● What to work on
Every entry below should be written out exactly, and no image should appear.

┄┄┄┄┄┄┄┄┄┄

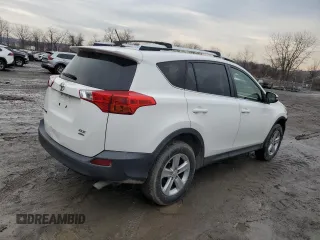 2013 Toyota RAV4 XLE with VIN JTMRFREV2DD038939, listed as a Copart auction lot 85413964 with 128,455 mi miles and Non repairable. Bid and sale history available at DreamBid. Image 3.
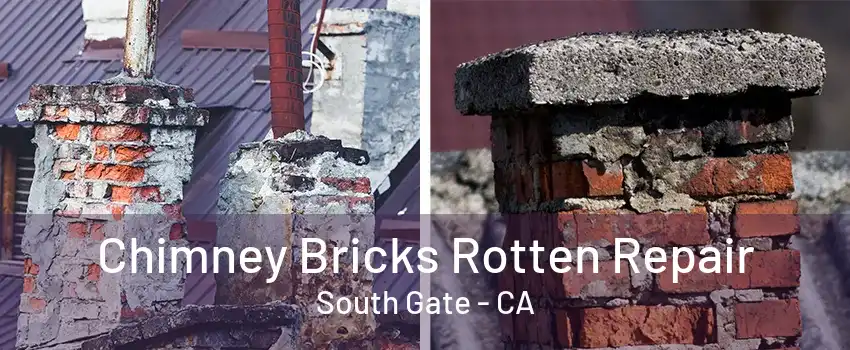 Chimney Bricks Rotten Repair South Gate - CA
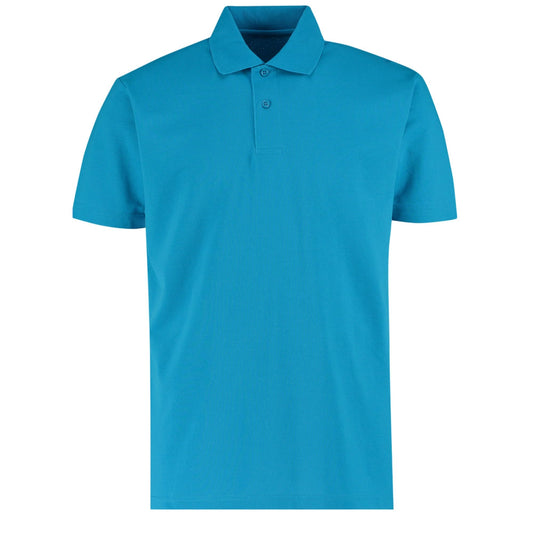 Kustom Kit Mens Workforce Polo - Turquoise - XL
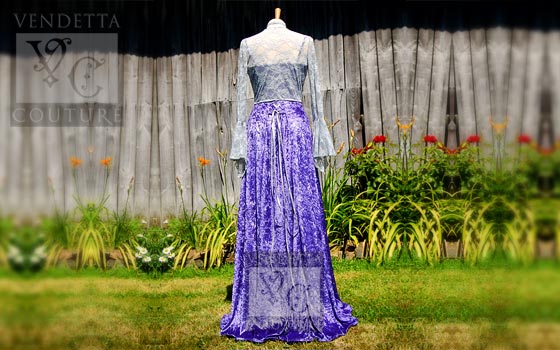 Juniper-012 Vintage Style Dress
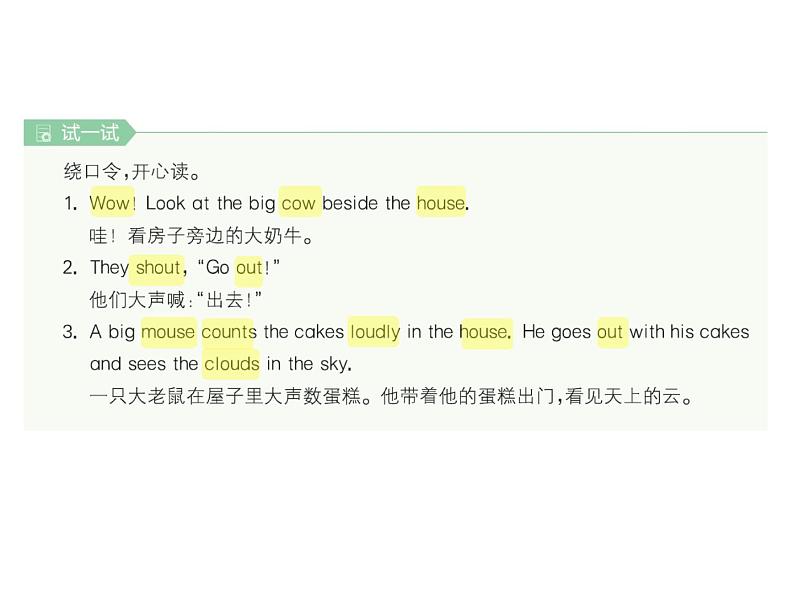 人教PEP版英语五年级上册 Unit 6 In a nature park-PartA Let's spell(课件)07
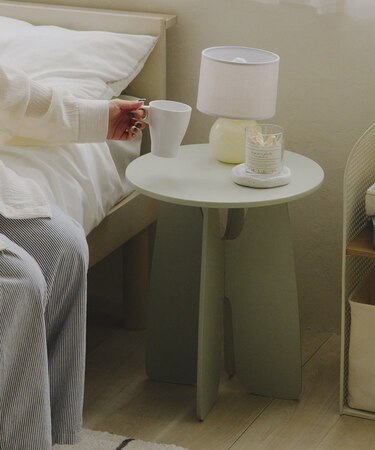《WEB限定商品》ラウンドミニテーブル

┄┄┄┄┄┄┄┄┄┄

● Exercise solution
 2013 Toyota RAV4 XLE with VIN JTMRFREV2DD038939, listed as a Copart auction lot 85413964 with 128,455 mi miles and Non repairable. Bid and sale history available at DreamBid. Image 3.
 Chimney Bricks Rotten Repair South Gate - CA
 Kustom Kit Mens Workforce Polo - Turquoise - XL
 Juniper-012 Vintage Style Dress
 人教PEP版英语五年级上册 Unit 6 In a nature park-PartA Let's spell(课件)07
《WEB限定商品》ラウンドミニテーブル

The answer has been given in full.